Incarcerated within court cage, former Egyptian president lying on a stretcher denied all charges before the judge.
|Al Jazeera’s Sherine Tadros reports from outside the court in Cairo|
Egypt’s former interior minister, Habib al-Adly, and six senior security officials have appeared in court for the continuation of their trial that began in April.
The accused all face charges related to their involvement in the killing of protesters during the revolution earlier this year, which toppled the government of Hosni Mubarak.
During Thursday’s trial in Cairo, several boxes of evidence were presented by the various sides.
“We have been seeing many boxes being opened and these notebooks and documents coming out,” Al Jazeera’s Sherine Tadros reported from outside the court.
“Some of those books that have been submitted into evidence contain various bits of information.

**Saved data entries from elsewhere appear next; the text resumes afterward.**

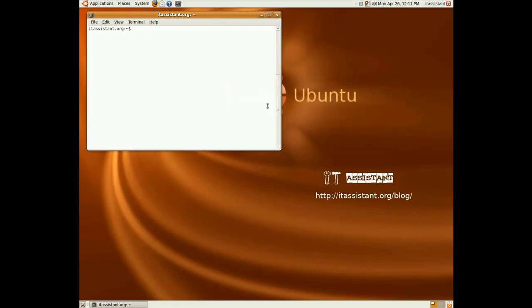Hello, my name is Vlad and I'm here on behalf of itassistant.org to show you how to set up a new PPPoE connection on Linux.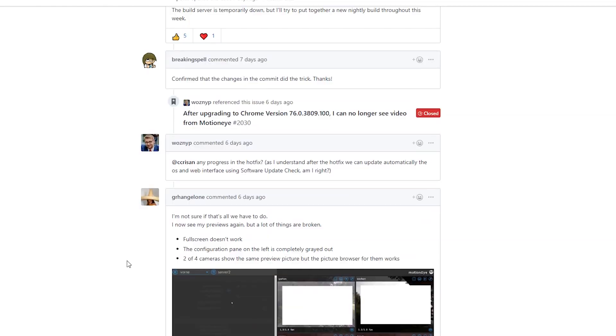I thought maybe something was wrong with the new version, so I went back to a version from last year and had the same results. I started digging around online and found the GitHub repository where people were having similar issues. It turns out it was actually Chrome 76, the newest version, that had enabled lazy loading images by default — and that seems to be the culprit.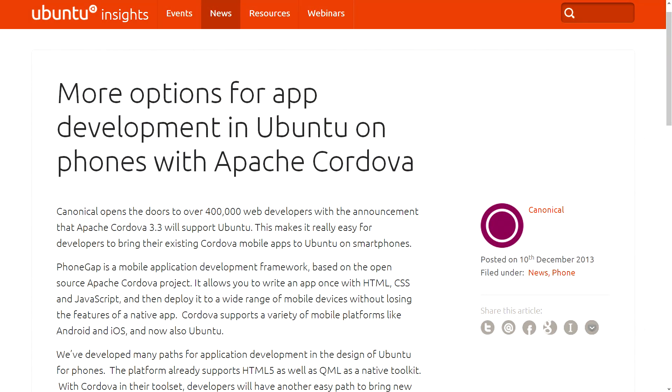First up, earlier this month it was announced by Apache that Apache Cordova version 3.3 is going to officially support Ubuntu as a development platform. This is an amazing opportunity, opening the door to over 400,000 web developers currently using Cordova, allowing them to bring their applications easily over to the Ubuntu Touch platform. Developers can use the tools they've already been using, including the PhoneGap framework, bringing Ubuntu Touch right alongside platforms like Android and iOS for HTML5 based apps.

We understand that some of them show which security units in fact had live ammunition.
“This is all in an effort to try and determine if the precise order was given to the police officers to kill protesters.”
Al-Adly, along with his aides, is accused of having ordered the shooting of demonstrators during protests that toppled Mubarak and led to more anti-government protests in the Arab world.
He is also being held responsible for the insecurity that prevailed after police disappeared from the streets of Cairo in the early days of the protests.
After the evidence was presented on Thursday, the presiding judge, Ahmed Refaat, adjourned the trial until August 14, saying he would allow lawyers additional time to look through the material.
Describing the importance of the trial for Egyptians, Al Jazeera’s Tadros said: “These are all the senior key figures, the buck really stops with these people when it comes to the ordering of the killing of protesters, which is what the prosecution is trying to prove.
“But of course, there are other questions as to what about the other layers of security personnel that were involved.
|Six Aides on Trial:|
“There were 27 police officers suspended from the force – most of them very high ranking – because they are accused of killing protesters, so why are only six on trial? And two of those six on trial have been released on bail.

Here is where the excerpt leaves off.